They are initially fed a smooth, cream-coloured consistency by the hen which gradually becomes coarser and filled with more solid bits of seeds, fruits and vegetables as they get older and are fed by both parents. The chicks are quiet in the nest and only vocalize when they are being fed or when soliciting for food. They lie very still if inspected by the keeper or if older and fully feathered, try to crawl under each other to hide their heads. They leave the nest at approx. 9 weeks and the upper beaks of the chicks are a light horn colour and the iris is very dark and hard to distinguish from the pupil. The beak changes to the adult grey colouration within 6 months and the eyes lighten till about 12 months.

Under-wing yellow colouration is slightly more dilute in youngsters and the borders of yellow not as defined as in adults. Chicks are shy when first fledged and sit motionless, almost crouched on the perch, until you approach beyond a certain distance when they suddenly dash off the perch and crash about the aviary in panic until they settle down. Calm, captive-bred adults reassure their chicks and this skittish behavior usually disappears within a few weeks. Wild-caught birds take much longer to settle into captivity and their chicks stay wilder for much longer as well. Wild-caught parents tend to alarm-call to their family more often (at the slightest sign of approaching danger e.g. keeper) and this seems to unsettle the entire family. The hen normally double clutches after the chicks have been out the nest for a month or so but this can depend on the individual pair. The second clutch may be accidentally damaged by the first brood entering the nest to join the incubating female. If the chicks are removed from the aviary as soon as they are weaned (approx. 2 weeks after fledging) then the pair recycles faster. Ideally they should be placed in an adjacent aviary for as long as possible. This improves their breeding potential with them learning the ropes through watching the folks getting leg-over next door. Juveniles that have not been afforded this inadvertent first-hand parental-guidance opportunity, still do breed but just take a bit longer to learn the ropes on their own, invariably get things a bit arse-about-face to begin with!

The species is sociable outside of the breeding season and can be kept in a colony situation in a large aviary without problems. Juveniles can also be kept in groups and this is highly advisable in terms of them learning all the behavioral tricks through this type of interaction. They are curious, playful and intelligent and get up to all manner of delightful mischief. They approach new objects in their aviary cautiously and suspiciously but soon inspect, initially with extended tongue and then by clamping the object in one foot and chewing on it. Fresh branches with buds are relished and objects like pinecones and sugar cane stems are chewed to bits. Some individuals may be more dominant and signs of plucking are usually an indication that the plucked birds are being harassed and the keeper must intervene at this point and separate the culprits from the group for a while.

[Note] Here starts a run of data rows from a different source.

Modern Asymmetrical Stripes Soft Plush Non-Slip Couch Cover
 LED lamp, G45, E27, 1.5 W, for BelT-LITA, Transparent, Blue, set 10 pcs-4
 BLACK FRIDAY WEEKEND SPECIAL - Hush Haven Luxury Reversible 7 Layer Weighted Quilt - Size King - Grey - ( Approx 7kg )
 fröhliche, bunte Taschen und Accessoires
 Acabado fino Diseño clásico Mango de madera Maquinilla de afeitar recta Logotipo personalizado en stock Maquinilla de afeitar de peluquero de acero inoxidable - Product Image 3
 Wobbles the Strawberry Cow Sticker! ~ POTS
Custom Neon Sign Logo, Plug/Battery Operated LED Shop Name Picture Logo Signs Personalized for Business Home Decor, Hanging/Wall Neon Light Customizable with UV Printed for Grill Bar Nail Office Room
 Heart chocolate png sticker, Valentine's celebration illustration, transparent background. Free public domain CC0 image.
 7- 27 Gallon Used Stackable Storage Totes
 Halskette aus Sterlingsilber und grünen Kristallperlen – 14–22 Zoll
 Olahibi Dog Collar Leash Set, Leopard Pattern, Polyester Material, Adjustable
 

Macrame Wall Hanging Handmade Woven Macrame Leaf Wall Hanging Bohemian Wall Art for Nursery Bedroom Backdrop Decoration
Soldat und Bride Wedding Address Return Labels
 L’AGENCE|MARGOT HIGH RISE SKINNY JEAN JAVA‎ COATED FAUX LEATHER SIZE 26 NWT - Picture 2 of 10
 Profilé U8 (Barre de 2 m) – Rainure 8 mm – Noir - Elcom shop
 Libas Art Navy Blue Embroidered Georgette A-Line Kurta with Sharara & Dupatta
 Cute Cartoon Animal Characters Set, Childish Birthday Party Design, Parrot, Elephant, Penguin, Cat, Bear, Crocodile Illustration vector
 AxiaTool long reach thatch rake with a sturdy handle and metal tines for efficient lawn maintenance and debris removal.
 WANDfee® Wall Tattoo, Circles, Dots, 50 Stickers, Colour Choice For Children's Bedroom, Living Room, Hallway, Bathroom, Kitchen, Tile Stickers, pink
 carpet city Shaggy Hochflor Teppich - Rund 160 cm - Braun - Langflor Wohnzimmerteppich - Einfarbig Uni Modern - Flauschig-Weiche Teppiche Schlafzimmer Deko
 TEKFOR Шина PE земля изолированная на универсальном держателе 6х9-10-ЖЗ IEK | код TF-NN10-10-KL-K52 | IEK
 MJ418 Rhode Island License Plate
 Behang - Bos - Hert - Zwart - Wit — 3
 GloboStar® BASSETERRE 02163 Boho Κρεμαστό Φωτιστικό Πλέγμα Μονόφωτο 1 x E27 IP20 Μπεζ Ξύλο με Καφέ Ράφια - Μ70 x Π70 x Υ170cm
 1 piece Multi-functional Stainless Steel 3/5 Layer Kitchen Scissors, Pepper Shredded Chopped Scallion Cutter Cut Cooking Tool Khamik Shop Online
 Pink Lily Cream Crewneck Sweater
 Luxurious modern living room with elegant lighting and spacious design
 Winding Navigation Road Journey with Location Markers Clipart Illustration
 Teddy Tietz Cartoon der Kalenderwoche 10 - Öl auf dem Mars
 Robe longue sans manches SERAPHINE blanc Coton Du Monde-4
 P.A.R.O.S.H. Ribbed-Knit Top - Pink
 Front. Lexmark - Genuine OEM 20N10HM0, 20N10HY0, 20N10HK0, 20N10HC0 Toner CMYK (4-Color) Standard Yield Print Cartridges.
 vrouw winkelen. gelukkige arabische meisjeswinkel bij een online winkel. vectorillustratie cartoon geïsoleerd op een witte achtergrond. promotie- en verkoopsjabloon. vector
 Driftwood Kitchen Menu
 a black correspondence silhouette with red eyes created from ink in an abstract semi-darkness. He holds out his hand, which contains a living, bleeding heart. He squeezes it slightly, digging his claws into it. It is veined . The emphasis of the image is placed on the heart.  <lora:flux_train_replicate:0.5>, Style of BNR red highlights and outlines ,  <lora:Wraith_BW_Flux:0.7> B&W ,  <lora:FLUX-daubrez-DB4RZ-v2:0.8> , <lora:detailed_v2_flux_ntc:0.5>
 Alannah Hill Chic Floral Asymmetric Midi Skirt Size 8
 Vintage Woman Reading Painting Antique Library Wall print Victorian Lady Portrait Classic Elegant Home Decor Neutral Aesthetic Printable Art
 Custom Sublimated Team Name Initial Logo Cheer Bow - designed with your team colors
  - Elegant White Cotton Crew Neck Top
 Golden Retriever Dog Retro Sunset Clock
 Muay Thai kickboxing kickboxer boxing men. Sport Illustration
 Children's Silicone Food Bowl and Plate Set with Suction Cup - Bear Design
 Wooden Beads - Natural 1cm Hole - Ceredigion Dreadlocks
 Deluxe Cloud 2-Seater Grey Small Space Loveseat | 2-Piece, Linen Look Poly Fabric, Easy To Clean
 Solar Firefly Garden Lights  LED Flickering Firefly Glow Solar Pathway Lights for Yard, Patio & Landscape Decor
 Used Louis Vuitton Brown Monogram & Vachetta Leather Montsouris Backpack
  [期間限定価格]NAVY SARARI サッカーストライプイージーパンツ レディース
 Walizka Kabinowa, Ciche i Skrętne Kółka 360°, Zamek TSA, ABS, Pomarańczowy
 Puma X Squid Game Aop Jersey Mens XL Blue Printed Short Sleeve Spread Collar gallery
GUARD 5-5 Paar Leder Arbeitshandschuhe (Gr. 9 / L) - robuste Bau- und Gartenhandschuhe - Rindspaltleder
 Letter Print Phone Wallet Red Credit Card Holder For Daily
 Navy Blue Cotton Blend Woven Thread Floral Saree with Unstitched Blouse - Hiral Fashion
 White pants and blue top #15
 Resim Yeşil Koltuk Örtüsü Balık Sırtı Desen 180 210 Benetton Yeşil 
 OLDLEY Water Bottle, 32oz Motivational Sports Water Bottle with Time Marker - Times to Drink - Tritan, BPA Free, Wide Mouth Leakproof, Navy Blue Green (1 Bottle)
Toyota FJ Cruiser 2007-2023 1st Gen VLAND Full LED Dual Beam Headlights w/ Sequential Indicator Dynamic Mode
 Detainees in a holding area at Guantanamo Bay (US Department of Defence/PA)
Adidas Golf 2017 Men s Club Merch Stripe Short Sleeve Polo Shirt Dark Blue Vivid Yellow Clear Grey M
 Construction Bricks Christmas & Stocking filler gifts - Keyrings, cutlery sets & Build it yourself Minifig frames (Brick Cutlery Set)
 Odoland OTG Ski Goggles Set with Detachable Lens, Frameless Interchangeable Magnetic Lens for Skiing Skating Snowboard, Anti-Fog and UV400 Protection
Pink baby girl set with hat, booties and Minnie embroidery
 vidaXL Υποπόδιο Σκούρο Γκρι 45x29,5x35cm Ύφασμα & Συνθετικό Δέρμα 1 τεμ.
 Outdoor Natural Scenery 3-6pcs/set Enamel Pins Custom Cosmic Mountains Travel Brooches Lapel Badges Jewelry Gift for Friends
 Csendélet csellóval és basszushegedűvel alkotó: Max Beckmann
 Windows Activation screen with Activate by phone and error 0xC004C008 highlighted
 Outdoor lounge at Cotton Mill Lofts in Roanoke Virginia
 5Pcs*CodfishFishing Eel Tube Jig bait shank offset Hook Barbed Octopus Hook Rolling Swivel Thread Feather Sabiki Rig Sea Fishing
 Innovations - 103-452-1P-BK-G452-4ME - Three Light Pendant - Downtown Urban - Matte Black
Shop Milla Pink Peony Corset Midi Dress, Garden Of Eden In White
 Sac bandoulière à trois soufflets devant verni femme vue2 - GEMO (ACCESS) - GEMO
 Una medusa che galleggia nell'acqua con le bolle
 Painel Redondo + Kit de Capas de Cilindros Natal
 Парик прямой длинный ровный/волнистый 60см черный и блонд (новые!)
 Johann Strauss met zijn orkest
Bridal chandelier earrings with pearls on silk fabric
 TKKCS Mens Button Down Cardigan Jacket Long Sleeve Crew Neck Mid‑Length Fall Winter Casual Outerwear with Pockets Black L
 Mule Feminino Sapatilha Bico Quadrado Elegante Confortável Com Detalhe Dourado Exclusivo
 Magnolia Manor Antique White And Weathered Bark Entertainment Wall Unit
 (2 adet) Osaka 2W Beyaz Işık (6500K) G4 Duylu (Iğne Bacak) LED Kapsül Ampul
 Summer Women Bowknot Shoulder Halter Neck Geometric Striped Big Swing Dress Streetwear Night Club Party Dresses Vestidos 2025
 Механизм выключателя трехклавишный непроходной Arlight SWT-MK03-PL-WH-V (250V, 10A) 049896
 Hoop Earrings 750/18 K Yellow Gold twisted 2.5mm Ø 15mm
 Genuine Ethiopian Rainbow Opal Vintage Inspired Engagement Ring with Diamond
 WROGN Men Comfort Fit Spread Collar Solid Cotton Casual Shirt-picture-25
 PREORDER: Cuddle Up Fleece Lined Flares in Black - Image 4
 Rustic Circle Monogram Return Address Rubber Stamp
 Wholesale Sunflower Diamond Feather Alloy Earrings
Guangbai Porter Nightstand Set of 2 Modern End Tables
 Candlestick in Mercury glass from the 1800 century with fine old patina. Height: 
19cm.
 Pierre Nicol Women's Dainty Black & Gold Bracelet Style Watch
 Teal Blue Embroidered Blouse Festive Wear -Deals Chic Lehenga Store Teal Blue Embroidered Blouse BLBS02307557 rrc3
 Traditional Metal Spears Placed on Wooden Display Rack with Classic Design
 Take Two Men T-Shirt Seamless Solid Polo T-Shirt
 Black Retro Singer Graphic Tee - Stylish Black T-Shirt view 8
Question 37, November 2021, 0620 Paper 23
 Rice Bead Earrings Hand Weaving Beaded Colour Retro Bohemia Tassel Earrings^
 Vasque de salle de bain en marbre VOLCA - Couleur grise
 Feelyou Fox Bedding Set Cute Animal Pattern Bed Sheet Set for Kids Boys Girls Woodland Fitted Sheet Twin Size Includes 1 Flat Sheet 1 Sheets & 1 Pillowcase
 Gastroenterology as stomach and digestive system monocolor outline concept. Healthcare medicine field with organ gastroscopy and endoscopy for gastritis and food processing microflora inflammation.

Breeding flights at Amazona Farm have always been of the suspended variety measuring 1.2m x 1.2m x 1.8m as with all the other small Poicephalus. I would however house them in 2,4m long flights if I were to build new aviaries. Food and water bowls are placed on the same side of the aviary as the nest but away in the other corner so as not to be fouled by droppings or nest material. Food and water is offered in round stainless steel bowls (23cm diameter x 4 cm deep) and the birds enjoy bathing in the fresh water in the mornings.